> YOUR TASK:
Quote the records beneath, complete and exact. Leave out images.

────────

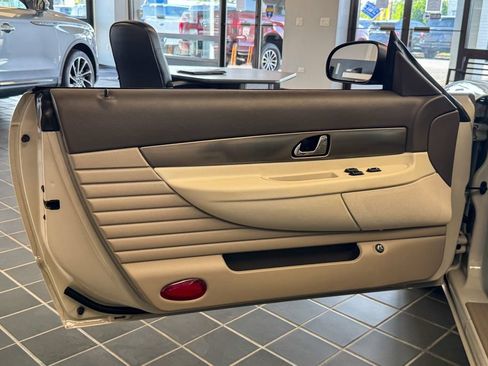 Used 2005 Ford Thunderbird 50th Anniversary RWD image 32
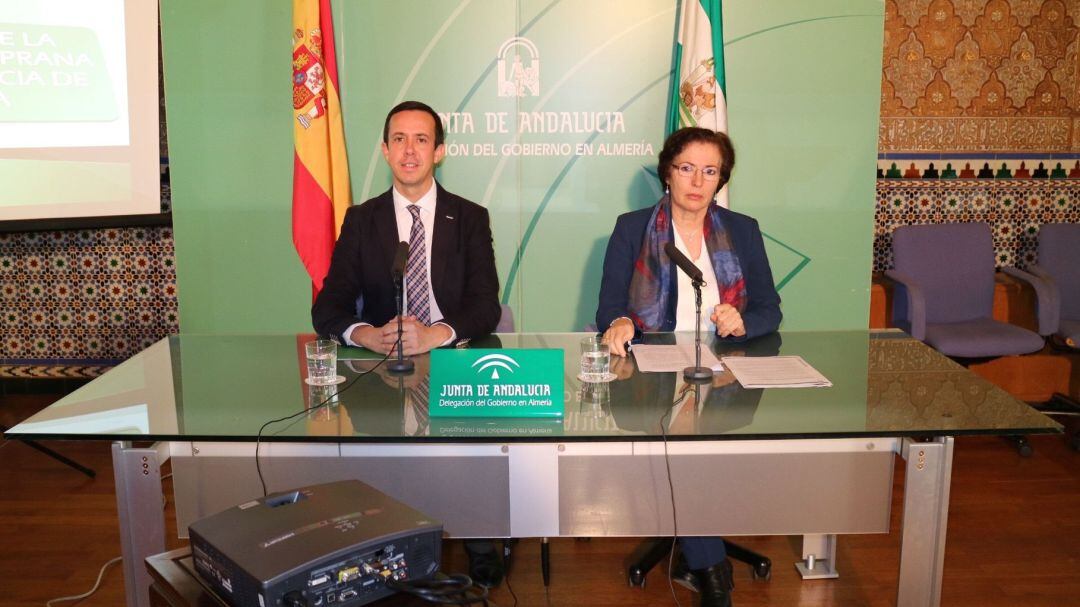 José María Martín (izquierda) sustituye a Gracia Fernández al frente de la delegación del Gobierno.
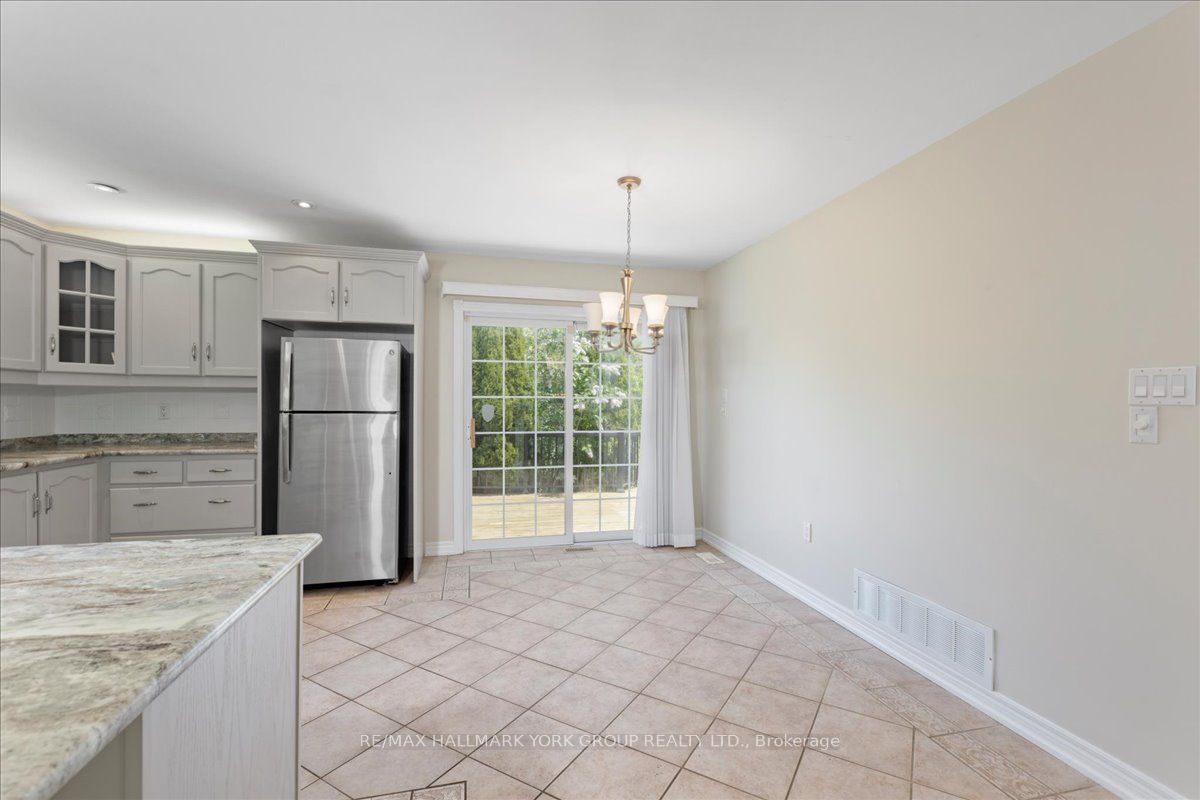 45 Highcastle Avenue Property Photo 16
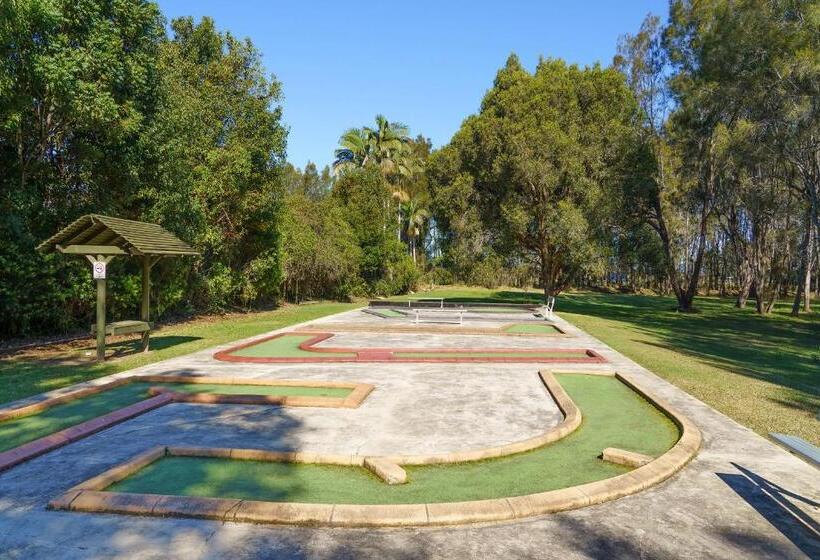 Отель Ultiqa Village Resort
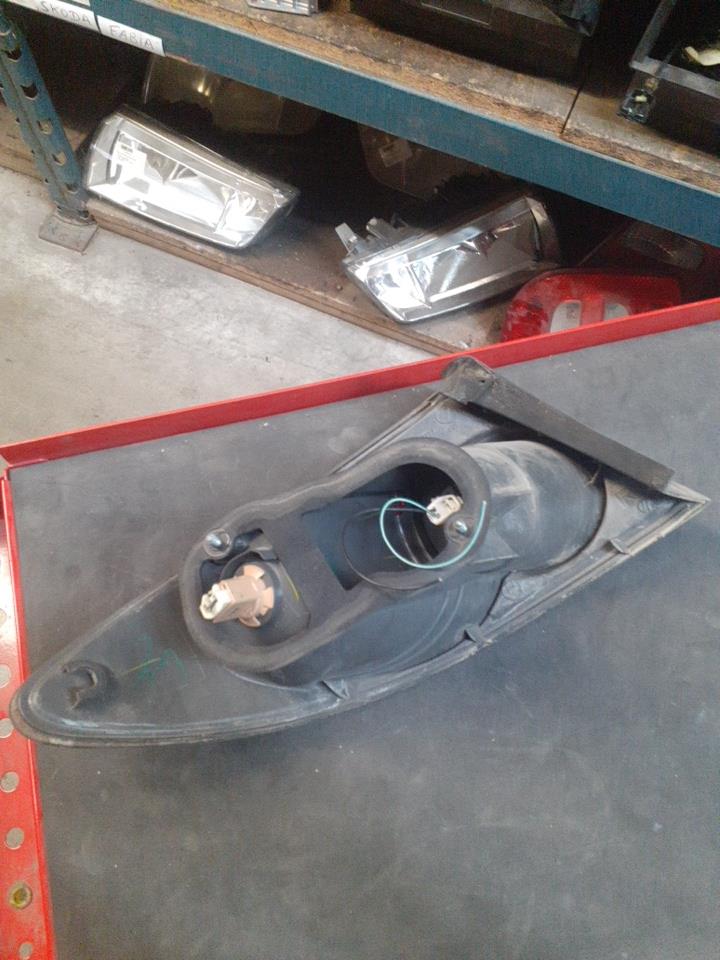 Fanale posteriore principale destro (luci) MAZDA 6 1 PHASE 2 Diésel - 1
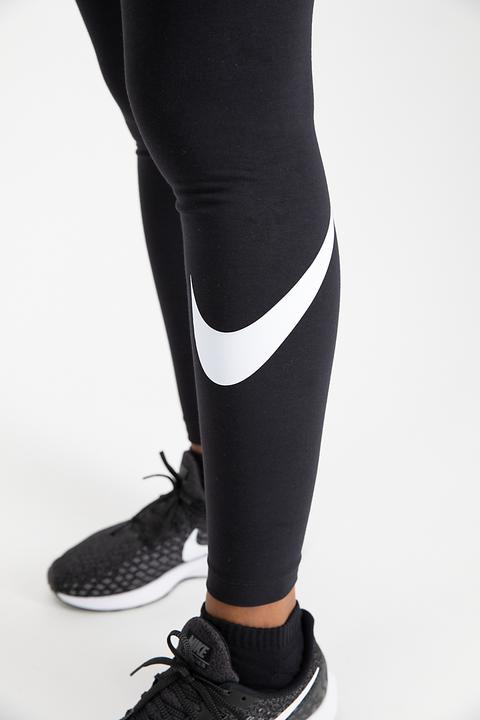 Image du produit Nike Essential tight femmes (M)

────────

> WRITTEN SOLUTION:
 Used 2005 Ford Thunderbird 50th Anniversary RWD image 32
 José María Martín (izquierda) sustituye a Gracia Fernández al frente de la delegación del Gobierno.
 45 Highcastle Avenue Property Photo 16
 Отель Ultiqa Village Resort
 Fanale posteriore principale destro (luci) MAZDA 6 1 PHASE 2 Diésel - 1
 Image du produit Nike Essential tight femmes (M)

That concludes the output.